Over-active immune reaction

“What got you here, won’t get you there.”

Many a new leader or manager has heard this truism coined by Marshall Goldsmith and have understood it to mean that they will need to up their game and change their approach if they want to succeed as leaders. They are advised to “be more strategic and less tactical,” to zoom out and view the whole system rather than being stuck in the weeds. To delegate more and to empower and motivate others. To set a vision and “bring people along.” Most of them genuinely want to step into this new leadership space and make a larger contribution. But many find it really hard to let go of their old ways.

Because what got them here, got them here. Up until now, their behaviors and habits worked and helped make them successful. Whether they were problem solvers, detail hounds, or perfectionists, their ways of being are part of their professional identity. Such habits are well-established grooves, and any approach to change needs to understand the source and power of these patterns in order to move beyond them and chart a new course.

It’s about fear.

Chances are, many of the very same habits and behaviors that leaders seek to change – like being on top of all the details – has functioned to keep them safe from something they fear. Whether conscious or not (and many of these fears are unconscious) our underlying fears will not easily allow us to dismantle their protections. Bob Kegan and Lisa Lahey use the metaphor of the immune system in their excellent and practical book, Immunity to Change: How to Overcome it and Unlock the Potential in Yourself and Your Organization. As their model recognizes, our habits often arise out of hidden commitments to avoiding something we believe to be a threat. For example, we may earnestly want to “scale up” and delegate more, but if we are committed to perfectionism, we will struggle to empower others.  Or if we are afraid of looking stupid and committed to avoiding it, we will be unlikely to try something new where we risk failure, like proposing a new strategy.

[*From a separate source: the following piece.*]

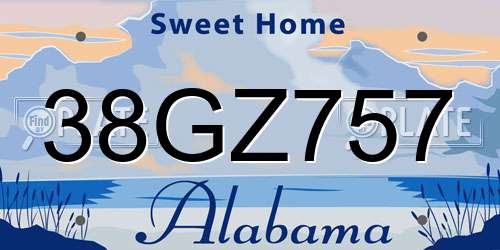 38GZ757 Alabama License Plate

Underlying our hidden commitments are beliefs and assumptions about ourselves and the world that hold us back. One recent client had a deep-seated belief that if he made just one mistake, it would ruin his reputation, no one would trust him ever again, and he’d lose his job. This helped explain his difficulty trusting his team. An exhausted and overwhelmed VP uncovered an unexamined assumption that management wasn’t “real” work, causing her to de-prioritized her management and leadership responsibilities.  An executive who was being told he needed to listen more had a hidden assumption that he needed to prove how smart he was all the time to justify his senior position. In each case, the underlying assumptions triggered a response that was akin to an overactive immune system and prevented them from changing their behaviors or taking even small risks. If you see an existential threat in the slightest loss of control, micro-managing makes all the sense in the world, and you are unlikely to stop micro-managing until you are able to change your assumptions.

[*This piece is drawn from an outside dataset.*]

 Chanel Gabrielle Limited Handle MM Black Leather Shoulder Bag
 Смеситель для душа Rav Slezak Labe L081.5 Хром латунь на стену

The task in coaching, is not just about the technical change of  adopting a new delegation framework or helping a leader manage his time better to prioritize strategic work. In order to promote sustained change, the coach must help each leader explore his or her hidden commitments and the fears and assumptions that lurk beneath. Once these have been surfaced, the leader is able to challenge these assumptions by experimenting with new behaviors.  It is through de-bunking our big assumptions that we coax our immune system to let down its guard, learn new behaviors and cultivate new habits so that we can be successful in new roles and environments.